Nata nel 1939, quando l’editore Martin Goodman deciderà di lanciarsi nel campo dei fumetti, reclutando alcuni dei più grandi professionisti dell’epoca come William Blake Everett, Carl Burgoss, Joe Simon ed un tizio chiamato Jack Kirby; un tizio che diventerà in breve il re dei fumetti ma, perdonatemi, quando si parla del re io sono solo un semplice suddito.
Per un po’ la casa editrice chiamata Timely andrà piuttosto bene, presentando personaggi colorati come la Torcia Umana, Namor il Sub-Mariner e Capitan America, reclutando nelle sue file anche il nipote di Goodman, tale Stanley Lieber, che avrebbe poi cambiato nome diventando quel Stan Lee.
Negli anni 50, causa un processo di censura del fumetto americano, la Timely cambierà il suo nome in Atlas e, fino al 1961 navigherà a vista, con un parco testate molto ristretto, peraltro distribuito nientemeno che dalla sua rivale, la Dc comics.

E da qui, le storie si fanno diversificate. Stan Lee sosteneva che lo zio Martin gli avesse chiesto di creare un fumetto che potesse rivaleggiare con la Justice League of America, mentre Jack Kirby sosteneva che la Marvel stesse piangendo miseria e lui avesse portato due idee per risollevare la casa editrice. Quello che conta, è che Stan “The Man” Lee e Jack “King” Kirby, avevano deciso di collaborare, per cambiare letteralmente il fumetto. E c’è una bella alchimia nel vedere un uomo ed un re lavorare ad un progetto, perchè, sebbene gli approcci fossero molto diversi, entrambi lavoravano in concerto per creare qualcosa di spettacolare.
Chi è abituato alla fiction moderna potrà esserne sorpreso, ma negli anni 40 e 50 del 900, l’intrattenimento seriale, era molto… semplice. Il fumetto raccoglieva l’eredità delle riviste di racconti pulp (così chiamate perchè stampate su carta ricavata dalla polpa del legno), giornali che i bambini non collezionavano e usavano come moneta di scambio con altri giochi od elementi di divertimento.
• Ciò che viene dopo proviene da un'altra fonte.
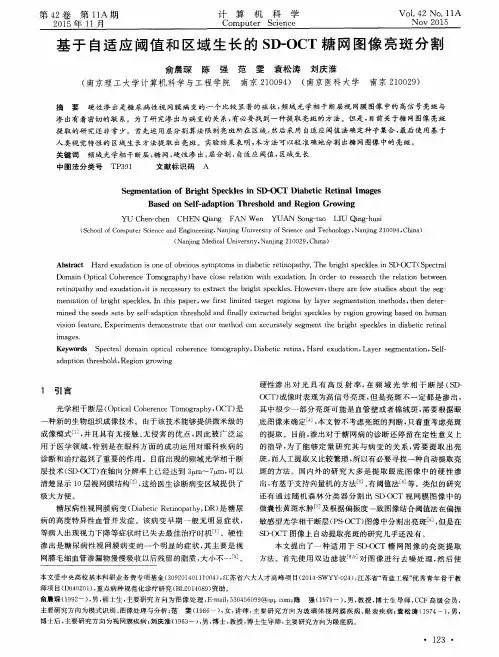 基于自适应阈值和区域生长的SD-OCT糖网图像亮斑分割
E quindi il fumetto medio raccontava una storia semplice, che si risolveva in poche pagine, seguendo sempre gli stessi binari narrativi. Spesso, alcune case editrici usavano addirittura proporre le stesse storie a distanza di anni, ben sapendo che l’audience del loro prodotto era cambiata, e che nessuno avrebbe fatto storie rivedendo l’avventura del bel ragazzo mutato in un lupo mannaro…per la terza volta.
Nel 1961, però, Lee e Kirby, provano a fare qualcosa di nuovo, e lanciano sul mercato I Fantastici Quattro, un gruppo di supereroi dove troviamo una girandola di legami fra i personaggi (due sono migliori amici, due sono fidanzati, due sono fratelli e due sono amici/nemici), e alcune cose che anni prima non avremmo mai visto in fumetto.
L’idea era di mostrare “il mondo fuori dalla finestra”, di mostrare personaggi veri e reali e non sagome di cartone. E certo, rileggendo quei vecchi albi, ci si rende conto di quanto il fumetto anni 60 sia un gusto acquisito, fatto di dialoghi bombastici e di battute che non fanno ridere, ma…è difficile da spiegare.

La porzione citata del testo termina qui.